Voilà des années que les négociants suisses Vitol et Glencore, ainsi que l’établissement financier français Natixis, sont mêlés à une affaire entachée de corruption en Afrique du Sud. Ils ont finalement été innocentés en novembre dernier et exigent maintenant réparation. Mais les documents judiciaires révèlent l’existence de passe-droits indirectement accordés aux multinationales pour acquérir, à prix cassé, l’or noir des réserves stratégiques du pays.

C’est l’histoire d’un «oilgate», mais elle est bien moins connue que celle de Petrobras.
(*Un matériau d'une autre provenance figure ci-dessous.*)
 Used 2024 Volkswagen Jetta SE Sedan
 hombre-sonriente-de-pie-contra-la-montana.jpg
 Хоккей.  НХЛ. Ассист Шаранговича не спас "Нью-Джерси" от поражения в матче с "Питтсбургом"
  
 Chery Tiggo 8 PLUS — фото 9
En Afrique du Sud, il s’agit pourtant d’un immense scandale portant sur la vente secrète, entre décembre 2015 et janvier 2016, de 10 millions de barils de pétrole issu des réserves nationales stratégiques.
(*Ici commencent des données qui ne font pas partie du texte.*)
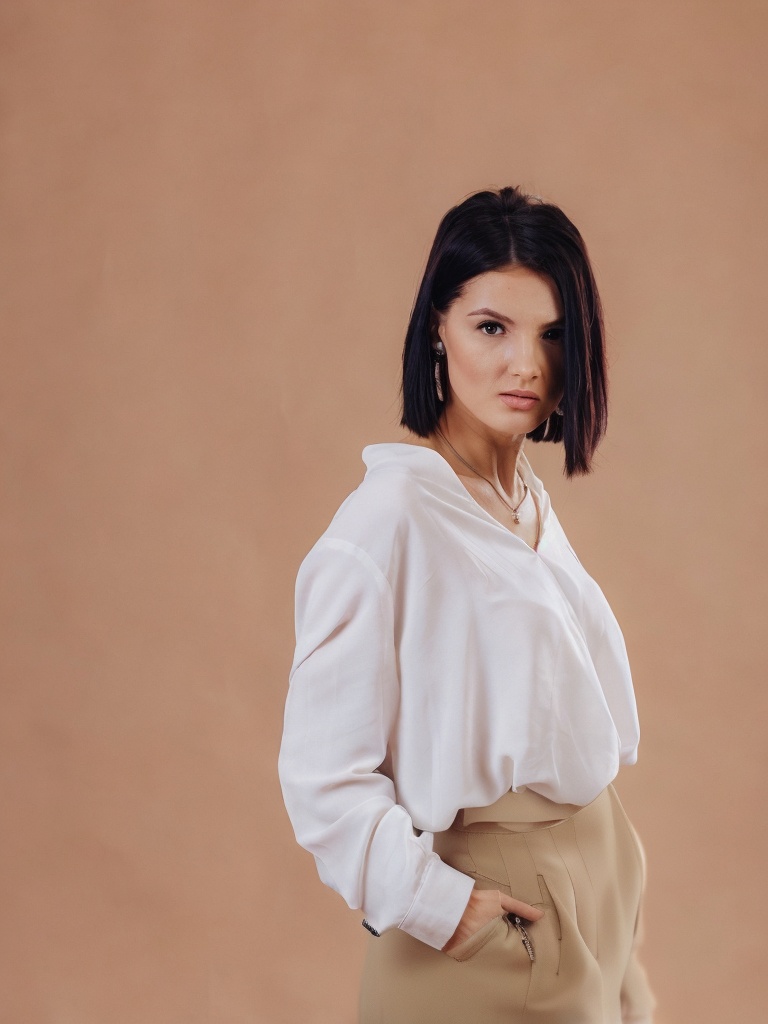 person_02_business_woman_cream__garment_01_pants_beige.jpg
À un prix cassé (281 millions de dollars au total), sans passer par un appel d’offres et sans cahiers des charges, ce précieux or noir a d’abord été cédé à trois sociétés, qui l’ont à leur tour vendu à Vitol, Glencore et Contango Trading SA (CTSA), une filiale française de la banque Natixis.

Dessous-de-table

L’organisme au cœur de cette vente est la Strategic Fuel Fund Association (SFF), une entité publique en charge de la réserve pétrolière stratégique sud-africaine. En 2016, celle-ci découvre que son PDG aurait reçu 2,6 millions de rands (soit 145’000 francs) de pots-de-vin de la part de Taleveras Petroleum Trading DMCC afin d’obtenir des barils. Cette société a par la suite revendu le pétrole à Contango, la filiale de Natixis. La SFF tire alors la sonnette d’alarme et l’affaire est rendue publique.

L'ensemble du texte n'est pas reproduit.